**Dataset excerpt**
========
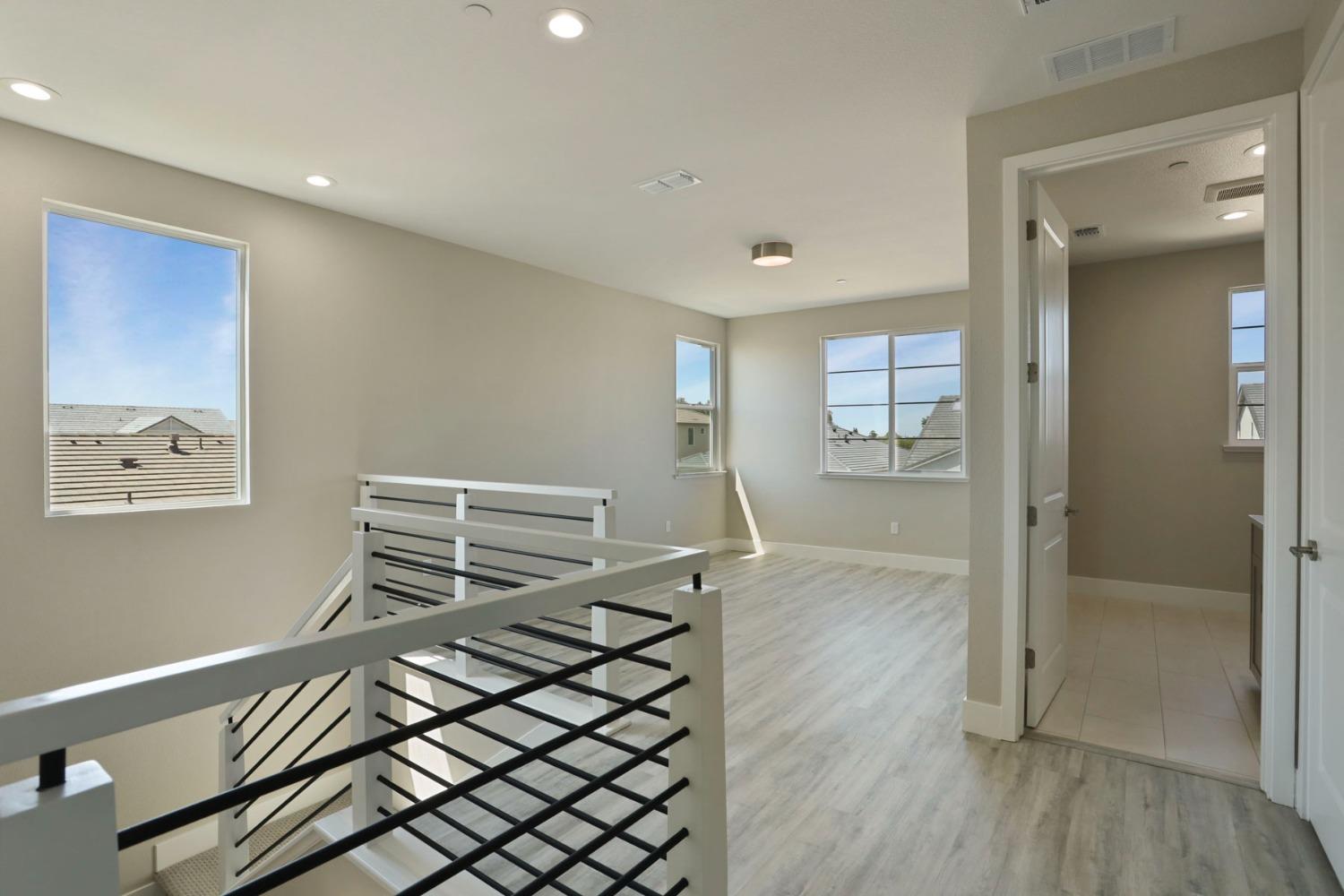 Paramount Lane, Manteca, California image 19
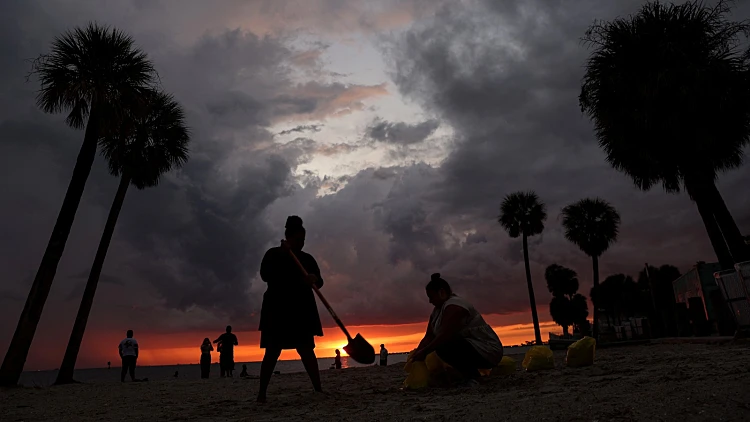 הכנה להוריקן "איאן"
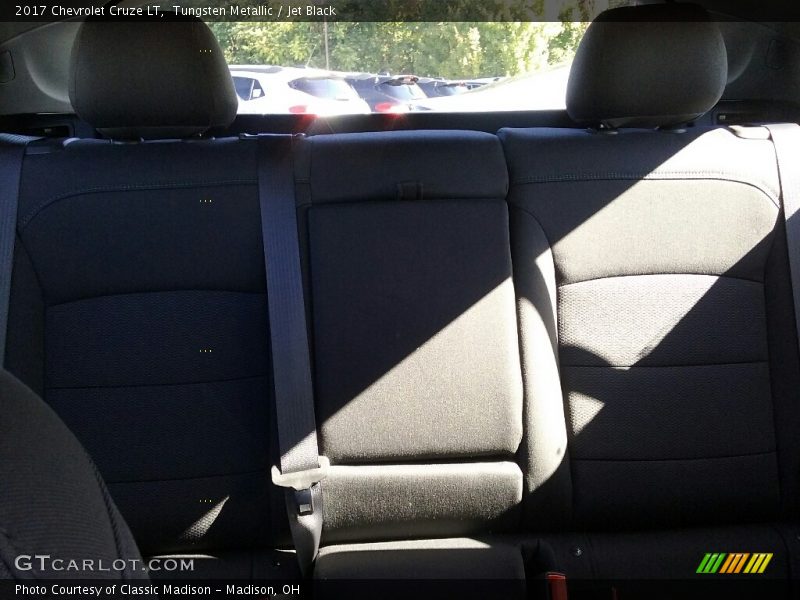 Tungsten Metallic / Jet Black 2017 Chevrolet Cruze LT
========
**Description of the task**
Retype word for word all the material given above, and keep the pictures out.

**Exercise output**
 Paramount Lane, Manteca, California image 19
 הכנה להוריקן "איאן"
 Tungsten Metallic / Jet Black 2017 Chevrolet Cruze LT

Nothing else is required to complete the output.